Brief descriptive captions
+---+

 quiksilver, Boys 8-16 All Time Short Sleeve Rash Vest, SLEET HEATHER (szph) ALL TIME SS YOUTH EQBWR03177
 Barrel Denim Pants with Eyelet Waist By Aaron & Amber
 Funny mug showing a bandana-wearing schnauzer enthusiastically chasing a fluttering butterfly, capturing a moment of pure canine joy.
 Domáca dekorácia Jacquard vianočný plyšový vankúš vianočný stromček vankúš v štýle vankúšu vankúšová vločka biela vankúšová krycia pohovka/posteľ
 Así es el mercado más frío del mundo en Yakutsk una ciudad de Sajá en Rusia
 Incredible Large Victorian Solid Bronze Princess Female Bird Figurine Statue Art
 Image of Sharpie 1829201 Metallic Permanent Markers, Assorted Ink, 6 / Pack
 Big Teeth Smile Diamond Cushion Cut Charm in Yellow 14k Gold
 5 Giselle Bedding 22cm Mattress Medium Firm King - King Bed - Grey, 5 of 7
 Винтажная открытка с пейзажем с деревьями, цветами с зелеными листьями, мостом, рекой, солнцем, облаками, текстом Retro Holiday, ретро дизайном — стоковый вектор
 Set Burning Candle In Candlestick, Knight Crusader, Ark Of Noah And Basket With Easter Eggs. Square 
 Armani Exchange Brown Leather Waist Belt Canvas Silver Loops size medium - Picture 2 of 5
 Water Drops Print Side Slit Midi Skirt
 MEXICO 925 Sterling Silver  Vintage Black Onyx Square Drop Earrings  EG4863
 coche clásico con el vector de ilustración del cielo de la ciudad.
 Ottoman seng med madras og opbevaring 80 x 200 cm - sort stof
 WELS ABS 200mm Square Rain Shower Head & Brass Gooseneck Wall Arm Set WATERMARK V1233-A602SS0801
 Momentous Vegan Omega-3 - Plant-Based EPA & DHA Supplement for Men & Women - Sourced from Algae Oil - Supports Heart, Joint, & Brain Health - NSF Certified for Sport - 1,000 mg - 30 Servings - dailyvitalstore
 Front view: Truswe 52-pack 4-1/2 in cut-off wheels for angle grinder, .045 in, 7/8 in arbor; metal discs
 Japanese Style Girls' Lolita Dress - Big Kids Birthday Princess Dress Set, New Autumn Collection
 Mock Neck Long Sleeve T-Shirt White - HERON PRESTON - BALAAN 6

+---+

* _About this exercise_:
The answer must be all the lines above that hold the word "Waist".

* _Output_:
 Barrel Denim Pants with Eyelet Waist By Aaron & Amber
 Armani Exchange Brown Leather Waist Belt Canvas Silver Loops size medium - Picture 2 of 5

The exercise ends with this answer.